Segment Open

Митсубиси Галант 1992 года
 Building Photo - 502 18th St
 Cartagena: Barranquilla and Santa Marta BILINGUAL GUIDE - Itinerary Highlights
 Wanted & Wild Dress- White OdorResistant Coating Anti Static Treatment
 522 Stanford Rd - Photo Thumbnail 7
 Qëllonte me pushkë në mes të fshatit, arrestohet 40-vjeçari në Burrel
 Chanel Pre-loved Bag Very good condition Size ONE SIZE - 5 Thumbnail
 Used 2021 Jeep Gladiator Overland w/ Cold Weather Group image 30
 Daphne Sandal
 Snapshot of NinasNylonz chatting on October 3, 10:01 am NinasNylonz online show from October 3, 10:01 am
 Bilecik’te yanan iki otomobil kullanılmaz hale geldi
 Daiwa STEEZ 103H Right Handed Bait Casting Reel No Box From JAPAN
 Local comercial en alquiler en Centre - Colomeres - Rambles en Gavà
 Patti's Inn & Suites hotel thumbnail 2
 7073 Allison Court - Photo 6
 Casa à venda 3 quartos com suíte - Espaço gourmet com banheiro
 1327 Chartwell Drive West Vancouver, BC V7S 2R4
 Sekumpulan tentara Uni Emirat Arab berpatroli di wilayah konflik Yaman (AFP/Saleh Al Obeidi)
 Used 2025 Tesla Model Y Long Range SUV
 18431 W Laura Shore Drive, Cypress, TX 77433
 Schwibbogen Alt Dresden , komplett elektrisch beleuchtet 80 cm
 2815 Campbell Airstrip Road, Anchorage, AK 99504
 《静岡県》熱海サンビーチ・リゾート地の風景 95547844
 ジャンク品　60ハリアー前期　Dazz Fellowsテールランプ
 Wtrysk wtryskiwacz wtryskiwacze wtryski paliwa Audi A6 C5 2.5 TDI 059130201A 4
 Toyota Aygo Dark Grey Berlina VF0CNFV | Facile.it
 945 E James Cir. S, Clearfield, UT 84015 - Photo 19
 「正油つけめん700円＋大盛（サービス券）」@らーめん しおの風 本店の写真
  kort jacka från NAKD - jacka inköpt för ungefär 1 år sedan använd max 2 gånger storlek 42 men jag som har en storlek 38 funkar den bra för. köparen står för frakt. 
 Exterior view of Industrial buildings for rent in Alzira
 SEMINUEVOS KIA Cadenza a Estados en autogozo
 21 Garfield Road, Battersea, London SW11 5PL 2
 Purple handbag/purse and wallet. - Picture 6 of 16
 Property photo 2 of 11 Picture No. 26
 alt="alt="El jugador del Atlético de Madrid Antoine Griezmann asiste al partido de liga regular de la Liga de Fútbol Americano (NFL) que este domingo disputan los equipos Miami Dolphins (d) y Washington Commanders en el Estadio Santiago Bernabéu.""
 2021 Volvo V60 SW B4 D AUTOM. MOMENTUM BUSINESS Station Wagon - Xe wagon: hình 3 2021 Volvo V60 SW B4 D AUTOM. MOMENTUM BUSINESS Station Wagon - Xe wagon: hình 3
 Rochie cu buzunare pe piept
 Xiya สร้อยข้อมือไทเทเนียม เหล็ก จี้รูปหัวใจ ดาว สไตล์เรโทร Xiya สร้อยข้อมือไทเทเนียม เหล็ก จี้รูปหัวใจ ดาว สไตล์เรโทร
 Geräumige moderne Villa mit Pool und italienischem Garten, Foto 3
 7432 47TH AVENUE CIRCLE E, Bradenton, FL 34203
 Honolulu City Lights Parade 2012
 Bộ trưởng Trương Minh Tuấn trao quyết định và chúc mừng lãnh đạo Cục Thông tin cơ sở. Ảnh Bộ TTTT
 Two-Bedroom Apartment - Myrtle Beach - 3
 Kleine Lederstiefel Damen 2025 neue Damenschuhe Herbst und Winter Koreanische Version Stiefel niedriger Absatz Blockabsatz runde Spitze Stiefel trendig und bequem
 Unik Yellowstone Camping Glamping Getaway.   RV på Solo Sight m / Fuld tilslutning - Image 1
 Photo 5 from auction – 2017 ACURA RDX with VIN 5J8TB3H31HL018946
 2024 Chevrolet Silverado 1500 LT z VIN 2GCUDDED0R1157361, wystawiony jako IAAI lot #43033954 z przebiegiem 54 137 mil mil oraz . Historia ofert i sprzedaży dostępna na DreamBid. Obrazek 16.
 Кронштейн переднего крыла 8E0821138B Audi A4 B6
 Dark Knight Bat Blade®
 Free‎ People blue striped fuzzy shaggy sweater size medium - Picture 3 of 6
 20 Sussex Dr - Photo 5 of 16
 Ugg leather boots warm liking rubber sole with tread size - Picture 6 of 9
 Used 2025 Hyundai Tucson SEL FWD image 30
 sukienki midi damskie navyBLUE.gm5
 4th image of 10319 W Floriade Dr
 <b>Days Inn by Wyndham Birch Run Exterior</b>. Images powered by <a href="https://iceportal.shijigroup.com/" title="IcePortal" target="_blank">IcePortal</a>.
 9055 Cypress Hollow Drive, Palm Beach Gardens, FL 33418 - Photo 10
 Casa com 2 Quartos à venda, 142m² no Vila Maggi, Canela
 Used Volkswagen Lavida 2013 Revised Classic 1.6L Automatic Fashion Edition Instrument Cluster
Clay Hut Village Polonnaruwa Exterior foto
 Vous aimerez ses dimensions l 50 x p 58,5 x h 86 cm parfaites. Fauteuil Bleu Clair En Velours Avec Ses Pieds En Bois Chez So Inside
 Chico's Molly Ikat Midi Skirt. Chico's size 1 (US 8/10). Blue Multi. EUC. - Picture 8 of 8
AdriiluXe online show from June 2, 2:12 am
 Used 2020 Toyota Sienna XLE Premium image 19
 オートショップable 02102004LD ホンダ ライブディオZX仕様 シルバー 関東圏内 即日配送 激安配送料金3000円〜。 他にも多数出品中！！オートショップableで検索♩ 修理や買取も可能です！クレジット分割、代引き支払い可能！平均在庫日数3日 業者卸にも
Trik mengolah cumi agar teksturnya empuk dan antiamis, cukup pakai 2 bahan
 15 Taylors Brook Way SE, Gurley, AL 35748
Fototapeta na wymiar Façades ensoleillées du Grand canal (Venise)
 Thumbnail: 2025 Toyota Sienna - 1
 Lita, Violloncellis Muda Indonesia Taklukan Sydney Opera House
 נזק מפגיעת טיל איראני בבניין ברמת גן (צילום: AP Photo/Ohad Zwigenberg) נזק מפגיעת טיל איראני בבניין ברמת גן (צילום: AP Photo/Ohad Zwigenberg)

Segment Closed

• [YOUR INSTRUCTIONS]
Lines with "Beach": return each one from the data above.

• [TASK RESULT]
 Two-Bedroom Apartment - Myrtle Beach - 3
 9055 Cypress Hollow Drive, Palm Beach Gardens, FL 33418 - Photo 10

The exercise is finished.